* _DATA SHOWN_
○ ○ ○ ○
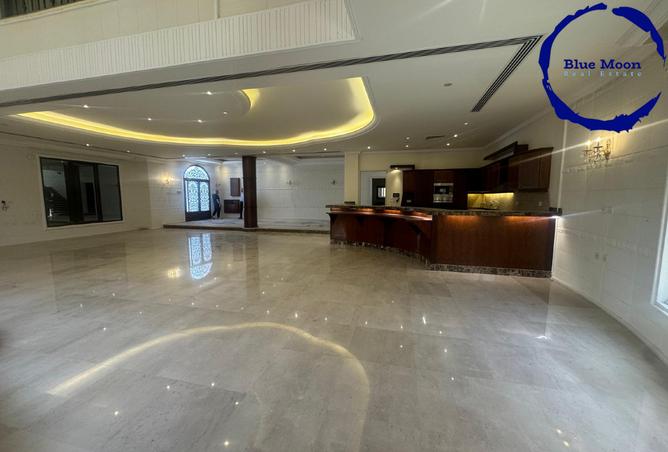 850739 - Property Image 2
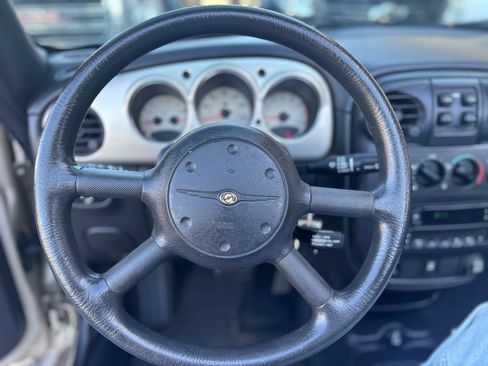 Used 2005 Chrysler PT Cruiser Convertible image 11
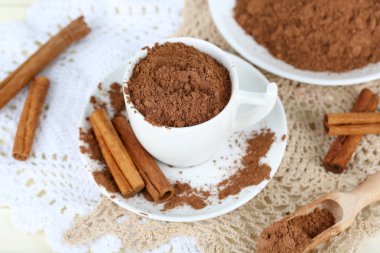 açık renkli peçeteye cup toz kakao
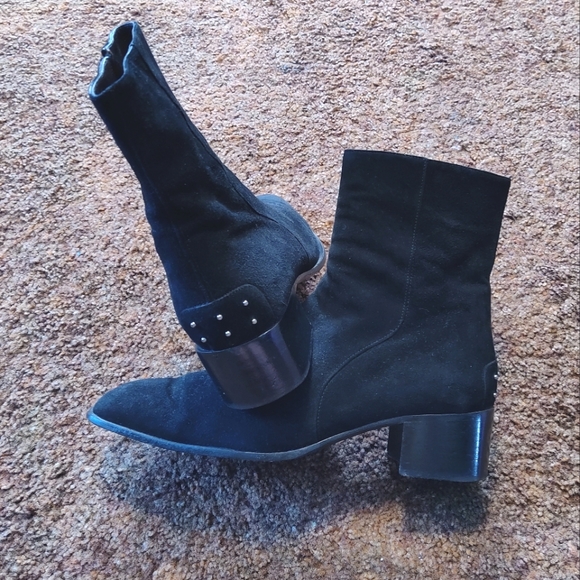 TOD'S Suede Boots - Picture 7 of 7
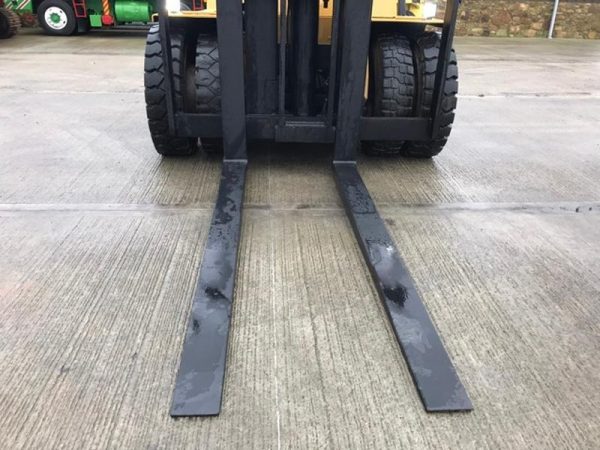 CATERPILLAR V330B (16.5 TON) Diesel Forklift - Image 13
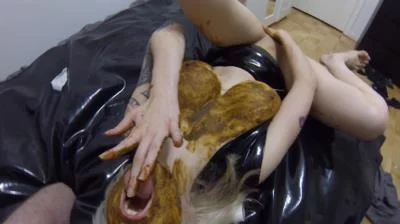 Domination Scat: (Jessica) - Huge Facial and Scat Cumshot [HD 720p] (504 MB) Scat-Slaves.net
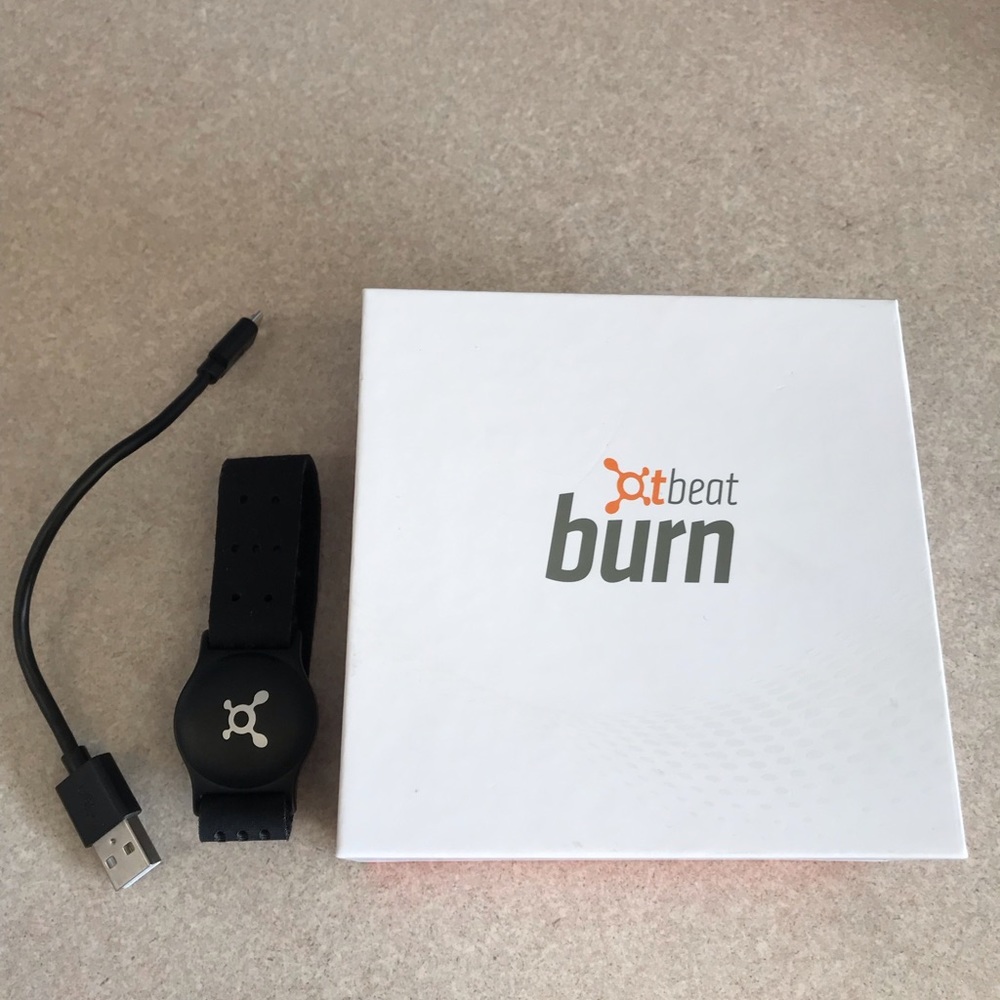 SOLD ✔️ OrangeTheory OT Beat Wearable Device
○ ○ ○ ○
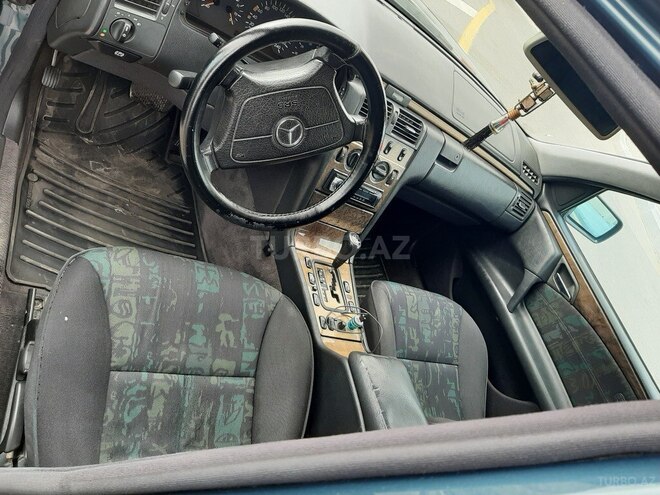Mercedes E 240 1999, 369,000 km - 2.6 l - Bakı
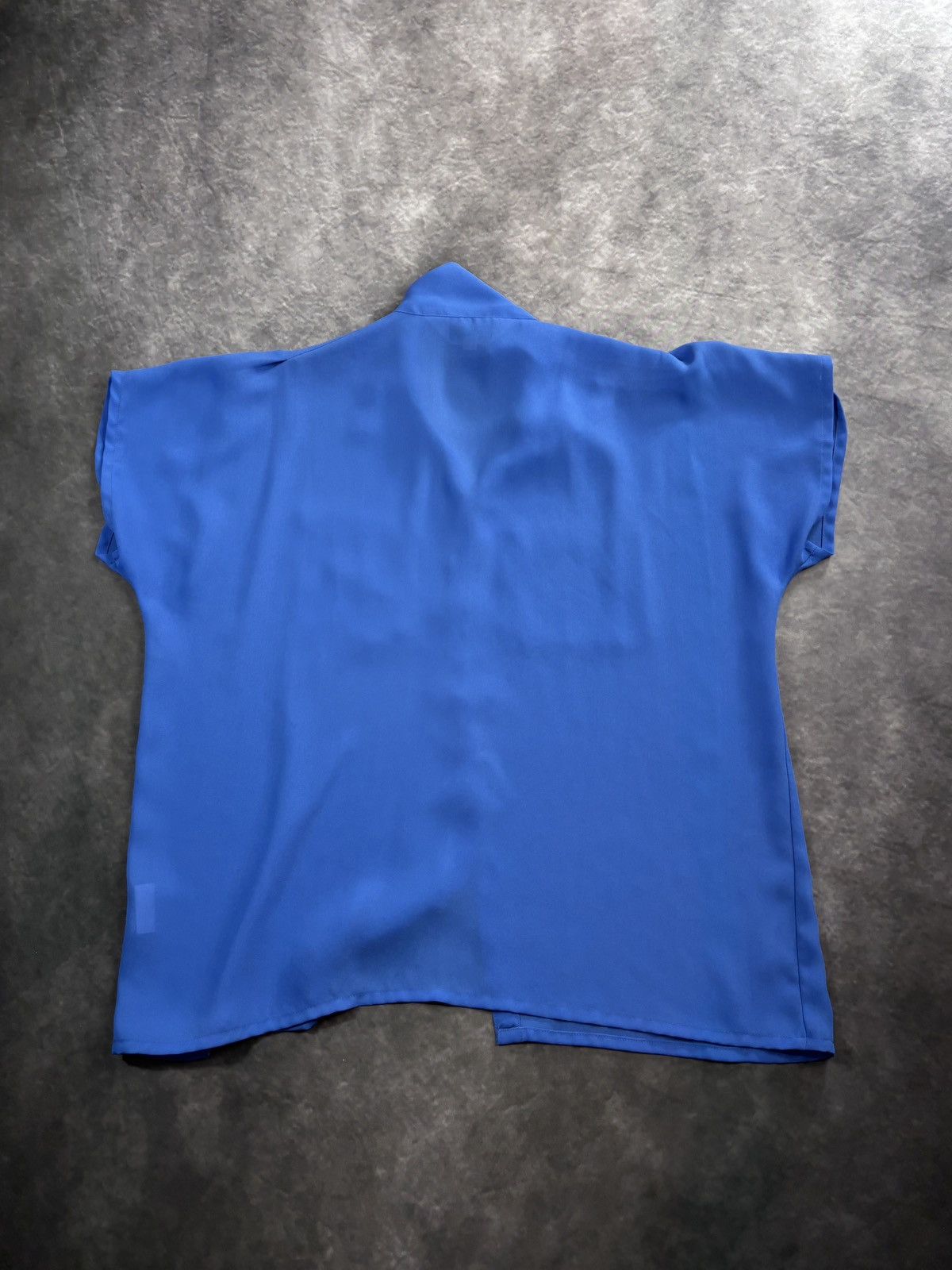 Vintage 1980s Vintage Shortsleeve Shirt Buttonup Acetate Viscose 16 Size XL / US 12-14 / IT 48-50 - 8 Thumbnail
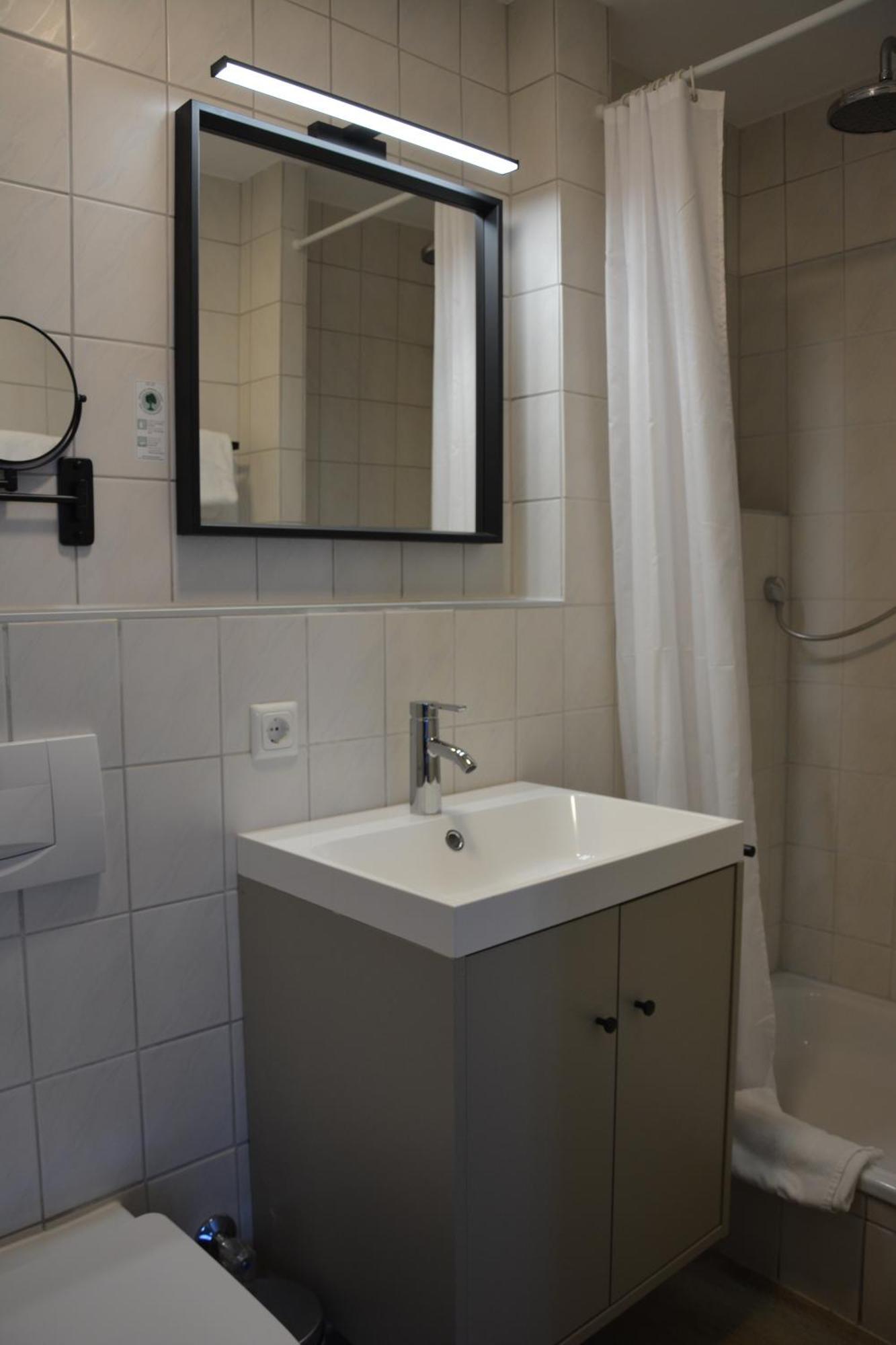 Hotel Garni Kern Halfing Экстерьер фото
○ ○ ○ ○
* _ACTIVITY_
The answer is the lines above from the one with "CATERPILLAR V330B (16.5" to the one with "SOLD ✔️ OrangeTheory OT Beat Wearable Device", set down exactly, with no pictures.

* _EXERCISE ANSWER_
 CATERPILLAR V330B (16.5 TON) Diesel Forklift - Image 13
 Domination Scat: (Jessica) - Huge Facial and Scat Cumshot [HD 720p] (504 MB) Scat-Slaves.net
 SOLD ✔️ OrangeTheory OT Beat Wearable Device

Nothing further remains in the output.